The FBI, mortified by the possibility that Salem warned someone in the agency and was overlooked because of doubt that he was trustworthy, is investigating. Salem had parted company with the bureau half a year before the bombing, ironically because he reportedly would not wear a body microphone for secret taping. He was hired after the attack to penetrate the larger group of alleged terrorists. The agent who spoke in apparent confirmation of Salem may, FBI sources hopefully suggest, simply have been placating a volatile informant who was overstating his case.

The 70 audiocassettes unquestionably contain material embarrassing to the FBI and awkward for the prosecution in both the bombing trial under way in Manhattan and the related case alleging a massive conspiracy to blow up New York City landmarks and assassinate public officials. Says William Kunstler, a defense attorney in the second case: "The FBI never knew they were being taped, so they said very careless things -- how the informant was to conduct himself, how far he could go and how to entice them. This is probably the only case since entrapment became a defense where you have the law-enforcement agents being taped without their knowledge."
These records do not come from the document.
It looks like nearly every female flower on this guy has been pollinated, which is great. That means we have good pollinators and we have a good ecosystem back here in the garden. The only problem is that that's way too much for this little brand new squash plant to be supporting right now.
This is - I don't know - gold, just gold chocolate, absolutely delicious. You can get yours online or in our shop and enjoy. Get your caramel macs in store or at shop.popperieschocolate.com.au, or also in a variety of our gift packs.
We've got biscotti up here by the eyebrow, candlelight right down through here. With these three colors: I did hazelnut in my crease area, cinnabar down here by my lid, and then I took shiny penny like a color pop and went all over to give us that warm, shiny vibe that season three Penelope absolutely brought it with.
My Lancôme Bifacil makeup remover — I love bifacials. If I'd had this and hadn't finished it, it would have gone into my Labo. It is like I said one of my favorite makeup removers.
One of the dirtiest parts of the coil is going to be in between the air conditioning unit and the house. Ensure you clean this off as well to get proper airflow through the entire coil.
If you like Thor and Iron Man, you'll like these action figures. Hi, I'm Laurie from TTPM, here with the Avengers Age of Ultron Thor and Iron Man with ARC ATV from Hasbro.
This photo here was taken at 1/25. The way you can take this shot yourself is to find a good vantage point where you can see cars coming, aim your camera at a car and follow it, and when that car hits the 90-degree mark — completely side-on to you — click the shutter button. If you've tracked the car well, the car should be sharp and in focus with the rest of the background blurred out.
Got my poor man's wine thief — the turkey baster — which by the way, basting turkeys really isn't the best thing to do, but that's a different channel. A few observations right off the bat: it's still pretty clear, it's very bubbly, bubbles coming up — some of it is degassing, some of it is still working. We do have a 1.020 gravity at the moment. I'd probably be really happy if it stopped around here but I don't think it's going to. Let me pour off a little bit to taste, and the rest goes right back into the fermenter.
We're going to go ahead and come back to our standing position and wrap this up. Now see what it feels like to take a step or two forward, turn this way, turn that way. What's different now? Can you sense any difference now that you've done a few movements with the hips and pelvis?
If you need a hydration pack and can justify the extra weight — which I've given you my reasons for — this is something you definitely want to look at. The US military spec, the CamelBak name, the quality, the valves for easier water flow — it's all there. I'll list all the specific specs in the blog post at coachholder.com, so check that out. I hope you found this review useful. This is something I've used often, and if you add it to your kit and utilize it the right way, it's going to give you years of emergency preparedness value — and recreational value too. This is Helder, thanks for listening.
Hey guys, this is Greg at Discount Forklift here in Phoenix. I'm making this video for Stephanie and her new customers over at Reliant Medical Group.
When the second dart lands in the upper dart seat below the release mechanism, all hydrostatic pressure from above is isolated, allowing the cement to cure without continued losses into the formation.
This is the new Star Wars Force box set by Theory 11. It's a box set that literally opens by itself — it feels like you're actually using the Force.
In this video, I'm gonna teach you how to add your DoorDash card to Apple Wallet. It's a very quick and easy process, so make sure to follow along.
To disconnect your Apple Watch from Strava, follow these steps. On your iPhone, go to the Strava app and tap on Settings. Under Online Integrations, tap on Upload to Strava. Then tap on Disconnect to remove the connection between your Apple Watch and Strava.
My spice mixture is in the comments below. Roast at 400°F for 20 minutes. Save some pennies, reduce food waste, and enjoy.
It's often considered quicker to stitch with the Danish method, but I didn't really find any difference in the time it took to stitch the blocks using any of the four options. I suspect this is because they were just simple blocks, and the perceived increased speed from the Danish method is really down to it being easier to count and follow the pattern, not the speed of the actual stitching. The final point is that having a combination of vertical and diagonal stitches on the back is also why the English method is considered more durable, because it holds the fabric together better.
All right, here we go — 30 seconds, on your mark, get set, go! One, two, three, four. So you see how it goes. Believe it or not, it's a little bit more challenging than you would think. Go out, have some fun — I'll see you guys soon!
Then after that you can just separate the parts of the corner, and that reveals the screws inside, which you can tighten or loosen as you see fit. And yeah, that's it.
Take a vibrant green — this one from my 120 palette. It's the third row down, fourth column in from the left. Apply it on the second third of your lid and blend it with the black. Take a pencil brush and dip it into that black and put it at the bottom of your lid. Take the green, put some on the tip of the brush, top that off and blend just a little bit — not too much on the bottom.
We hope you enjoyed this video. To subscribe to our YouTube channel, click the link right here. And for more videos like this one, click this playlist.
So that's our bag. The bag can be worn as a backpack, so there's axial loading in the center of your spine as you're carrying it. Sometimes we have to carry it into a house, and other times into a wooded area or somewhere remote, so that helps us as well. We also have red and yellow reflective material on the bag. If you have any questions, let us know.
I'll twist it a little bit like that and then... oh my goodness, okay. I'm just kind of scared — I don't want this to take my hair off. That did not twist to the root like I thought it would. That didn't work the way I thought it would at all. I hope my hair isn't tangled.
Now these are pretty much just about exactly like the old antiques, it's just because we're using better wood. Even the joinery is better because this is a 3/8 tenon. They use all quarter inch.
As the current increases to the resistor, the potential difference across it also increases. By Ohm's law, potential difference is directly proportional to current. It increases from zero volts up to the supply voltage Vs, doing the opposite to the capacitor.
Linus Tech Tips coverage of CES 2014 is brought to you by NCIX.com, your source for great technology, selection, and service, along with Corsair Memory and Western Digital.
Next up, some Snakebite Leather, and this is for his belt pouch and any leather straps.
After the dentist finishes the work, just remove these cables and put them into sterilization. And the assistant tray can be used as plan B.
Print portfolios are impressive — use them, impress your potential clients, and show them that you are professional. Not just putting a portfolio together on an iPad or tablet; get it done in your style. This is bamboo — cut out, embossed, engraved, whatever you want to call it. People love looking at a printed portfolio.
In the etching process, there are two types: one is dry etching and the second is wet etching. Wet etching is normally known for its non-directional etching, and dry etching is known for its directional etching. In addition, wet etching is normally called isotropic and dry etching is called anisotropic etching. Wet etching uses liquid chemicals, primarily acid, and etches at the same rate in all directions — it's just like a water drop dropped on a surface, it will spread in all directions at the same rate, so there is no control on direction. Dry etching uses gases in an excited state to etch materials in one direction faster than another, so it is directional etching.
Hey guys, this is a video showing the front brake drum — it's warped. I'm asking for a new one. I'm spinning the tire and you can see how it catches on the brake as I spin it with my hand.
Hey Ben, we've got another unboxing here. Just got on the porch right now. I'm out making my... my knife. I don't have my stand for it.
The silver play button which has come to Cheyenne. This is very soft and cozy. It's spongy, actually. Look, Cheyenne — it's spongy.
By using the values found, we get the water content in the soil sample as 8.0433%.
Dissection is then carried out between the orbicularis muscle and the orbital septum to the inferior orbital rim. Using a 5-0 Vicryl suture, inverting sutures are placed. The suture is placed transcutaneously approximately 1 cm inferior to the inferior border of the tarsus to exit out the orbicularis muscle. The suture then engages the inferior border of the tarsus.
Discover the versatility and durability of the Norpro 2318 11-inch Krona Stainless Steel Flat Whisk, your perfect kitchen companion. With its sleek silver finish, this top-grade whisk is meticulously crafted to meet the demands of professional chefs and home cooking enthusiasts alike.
In the most extreme outcome, the defense in the World Trade Center case could secure a mistrial on the basis that Salem's tapes contain potentially helpful evidence and should have been handed over months ago instead of last week, after excerpts and summaries appeared in the press. Prosecutors have taken weeks to establish how heinous the bombing was; last week the case reached its 58th witness without any testimony directly linking the defendants to the bomb. This strategy could be blunted if the jury comes to believe that the U.S. government had the opportunity to forestall the bombing. While that would not make the defendants any more or less guilty, it might give them more sympathetic appeal.